Mit der Versetzung in die 9. Klasse erfolgte auch ein Schulwechsel in die Oberschule in der Dieffenbachstraße in Kreuzberg, weil die Räumlichkeiten in der Wilmsstraße begrenzt waren. Die Trennung von Herrn Schuetz fiel mir schwer. Neue Schule, neuer Lehrer — jung und voller Elan — war Offizier im letzten Krieg. Während des Unterrichts ging er durch die Reihen und knuffte die Schüler, die zur Gangmitte saßen, in die Schulter. Seltsamer Unterricht. Den Sportunterricht gestaltete er auch selbst. Es wurde auf dem Schulhof geboxt mit großen Handschuhen. Dazu ließ er einen Ring aufbauen und erklärte uns die Regeln.
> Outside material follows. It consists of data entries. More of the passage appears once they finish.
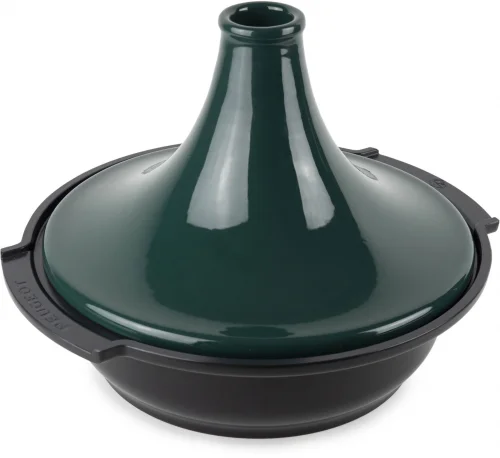 PEUGEOT Tagine ATLAS zielony 30 cm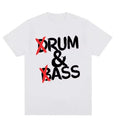Drum and Bass T Shirts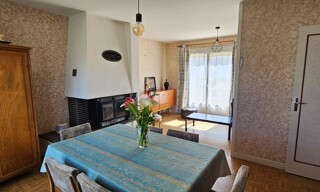 Maison 5 Pièces 90 m² à vendre à Trégastel (22730)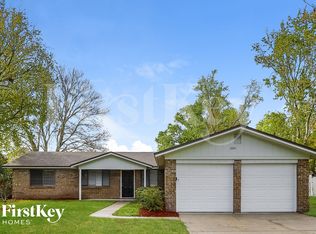 2241 George Wythe Rd, Orange Park, FL 32073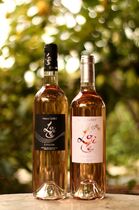 Cuvée rosé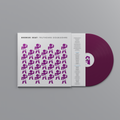 Truthdare Doubledare: Purple Vinyl LP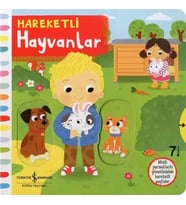 Hareketli Hayvanlar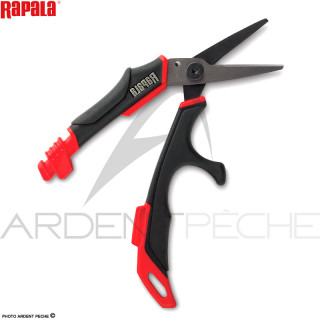 Forbici per trecciati RAPALA RCD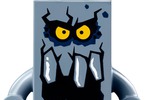 LEGO Nexo Knights - Úžasně ničivý Kamenný kolos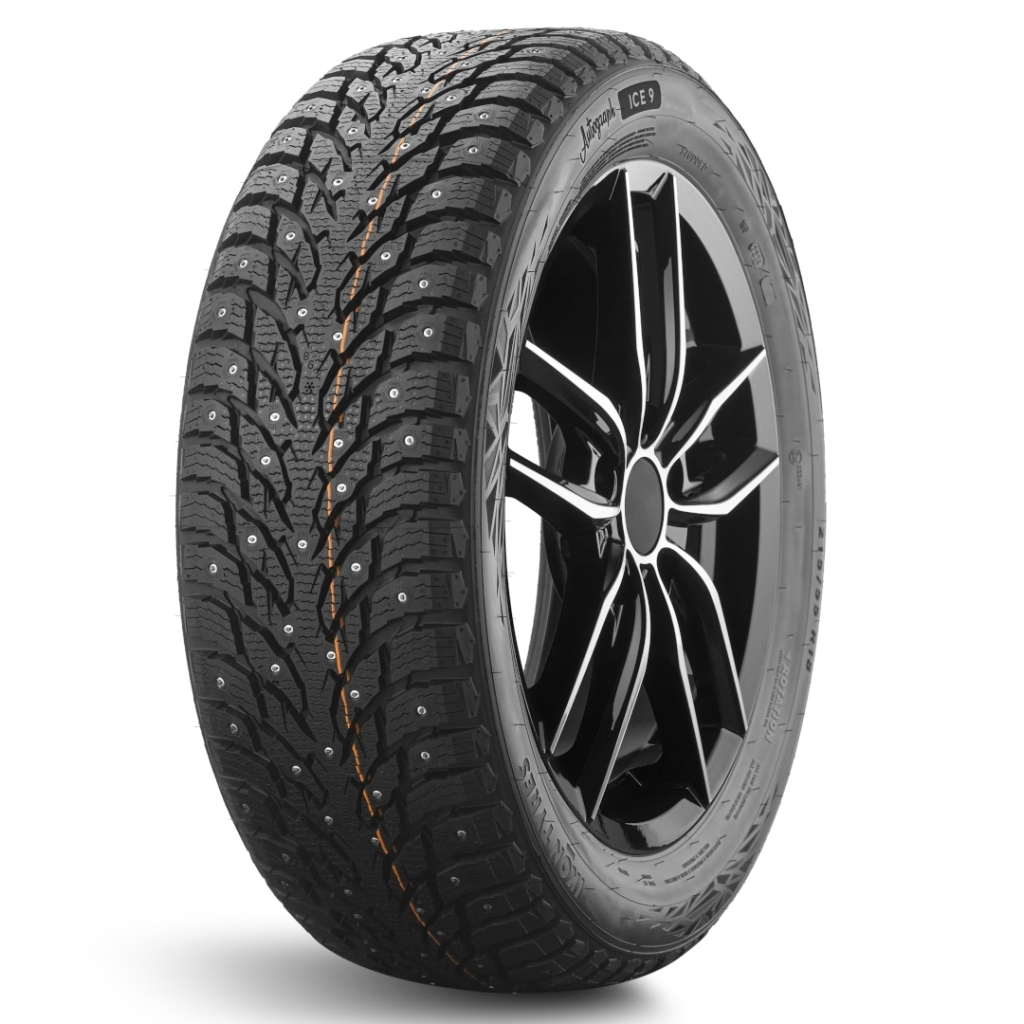 Ikon Tyres Ikon Autograph Ice 9 SUV 255/45 R20 105T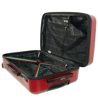 Obrázek z Cestovní kufr MIA TORO M1239/3-M - modrá - 66 L + 25% EXPANDER 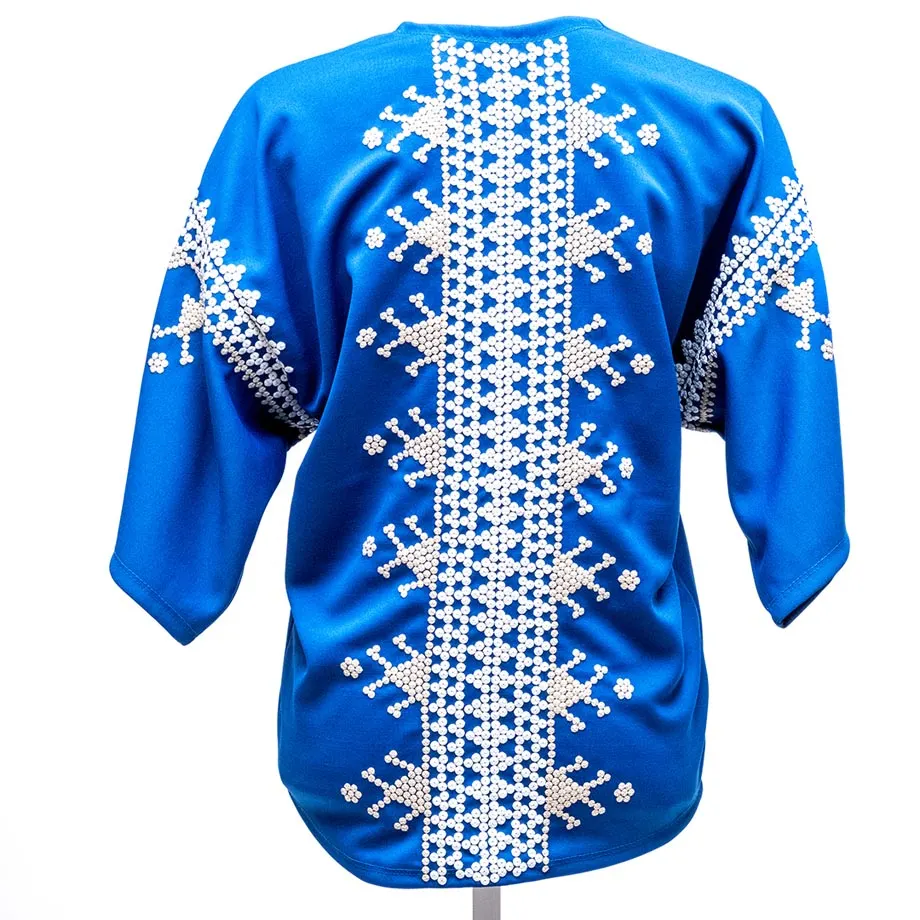 Tboli Beaded Wrap, image 3
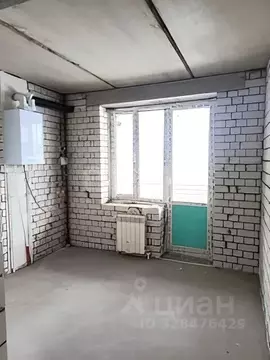 1-к кв. Калужская область, Калуга ул. Изумрудная, 25 (42.1 м)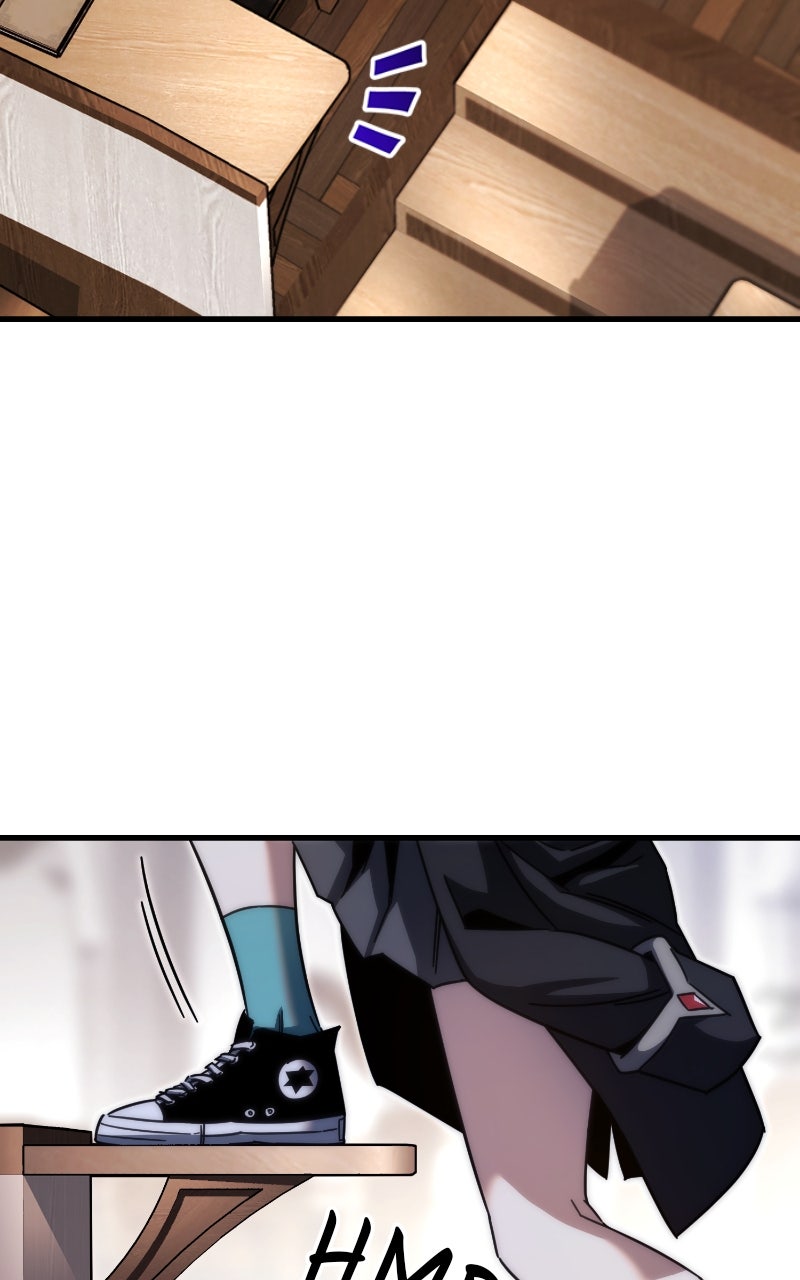 The Academy’sSashimi Sword Master Ep. 13 - Never a Peaceful Day (1) page 94 - 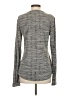 Mod-O-Doc Gray Pullover Sweater Size Med (2) - photo 2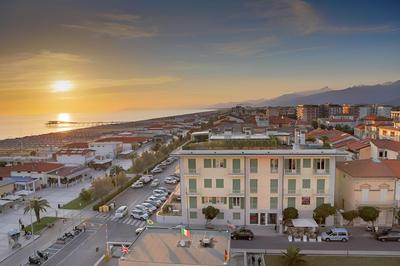 Hotel New Marilu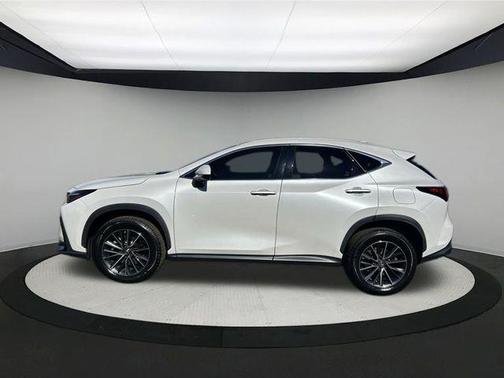 2022 Lexus NX 250 Base
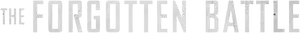 The Forgotten Battle Logo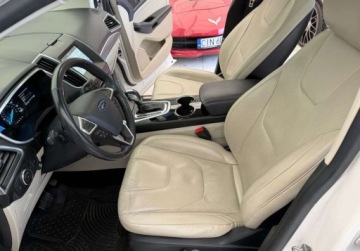 Ford Edge II 2017 Ford Edge EDGE 2.0 LPG 250 KM Titanium 2017r Warszawa 2.0 Diesel 238KM, zdjęcie 7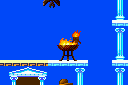 Lisa in the Underworld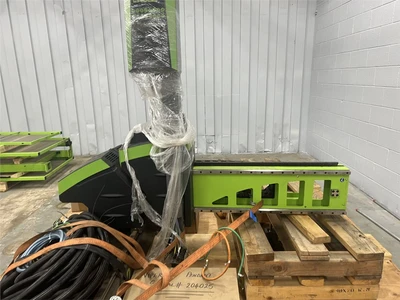 USED ENGEL VIPER 40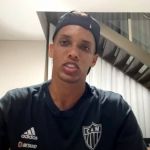 Pedrinho relembra tristeza com lesões e destaca evolução no Atlético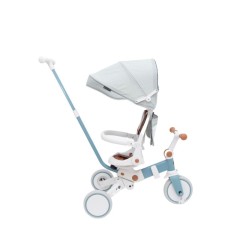 TRICICLO EVOLUTIVO EVOL OLMITOS ( varios colores )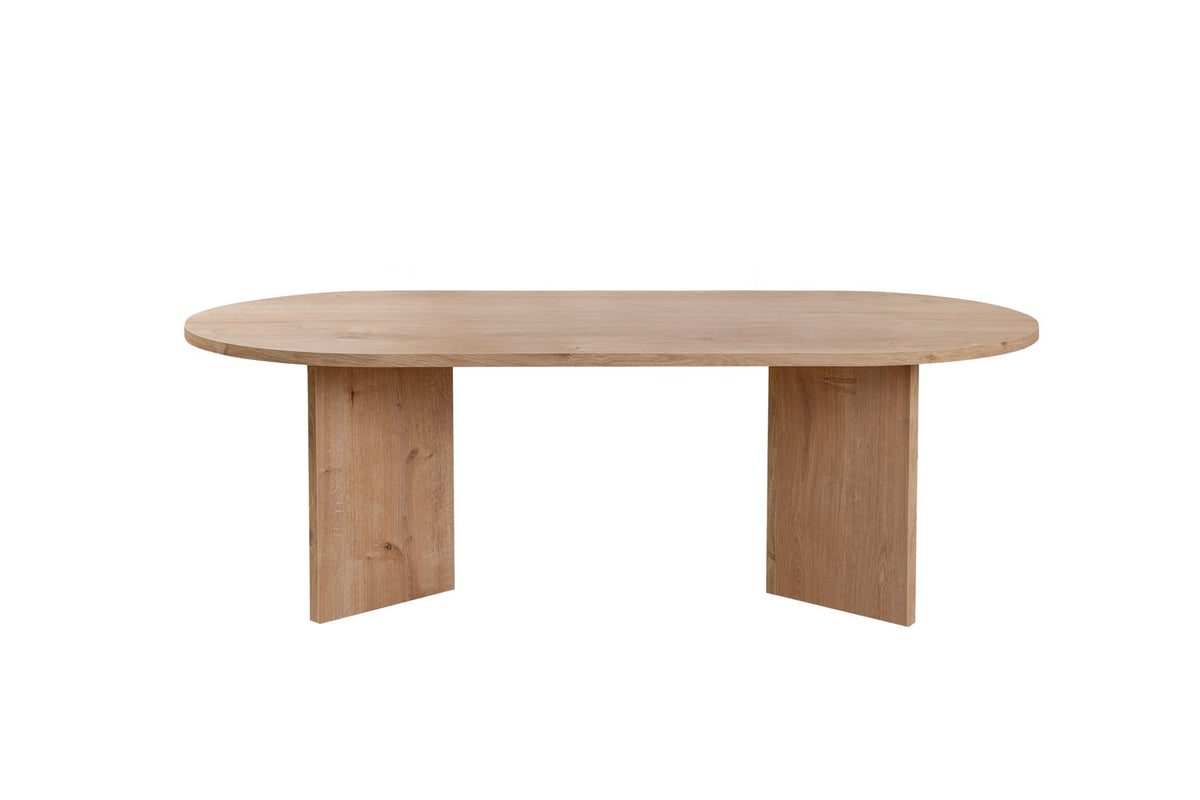 Rani Home Orta Sehpa Safir Meşe 119 Cm AB-5287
Die jeweiligen Gegner suchte er aus. So paarte er große und kleine Schüler oder die Schwächsten mit den Stärksten. So auch bei mir. Ich hatte den Klassenstärksten als Gegner und konnte mir das Ergebnis ausrechnen. Für mich gab es deshalb nur eine Lösung. Der Gong ertönte und die Gegner gingen jeweils aus ihrer Ecke mit nach vorn gestreckten Fäusten in Handschuhen zur Begrüßung in die Mitte, um dann zurückzutreten und mit dem Kampf zu beginnen. Ich ging auch mit gestreckten Fäusten in die Mitte, holte dann aber aus und traf meinen überraschten Gegner voll auf das Kinn. Der ging zu Boden. Also KO! Ein Moment des Schweigens. Dann wurde ich disqualifiziert und erhielt eine sechs im Sport. Ich aber hatte meine voraussehbare Niederlage vermieden und mir außerdem Respekt gegenüber dem Klassenstärksten verschafft.
In dieser Klasse wurden die Schüler schon auf mögliche Berufe vorbereitet. Es wurde diskutiert und es wurden Bewerbungen geschrieben. Wer eine Lehrstelle in Aussicht hatte, konnte die Schule auch vorzeitig verlassen. Mit meinem Vater hatte ich verschiedene Berufszweige erörtert. Er meinte, ich solle mich bei Siemens bewerben. Leider ohne Erfolg, wie sich aus dem Vorstellungsgespräch ergab. Es folgten viele Absagen und Enttäuschungen. Aber schließlich war die Bewerbung bei der Firma Riedel & Grund GmbH in der Körtestraße in Kreuzberg als Lehrling im Großhandel und Fabrikation (Großhandelskaufmann) zum 1. April 1951 erfolgreich. Damit endete meine Schulzeit ohne Übergang am 31. März 1951.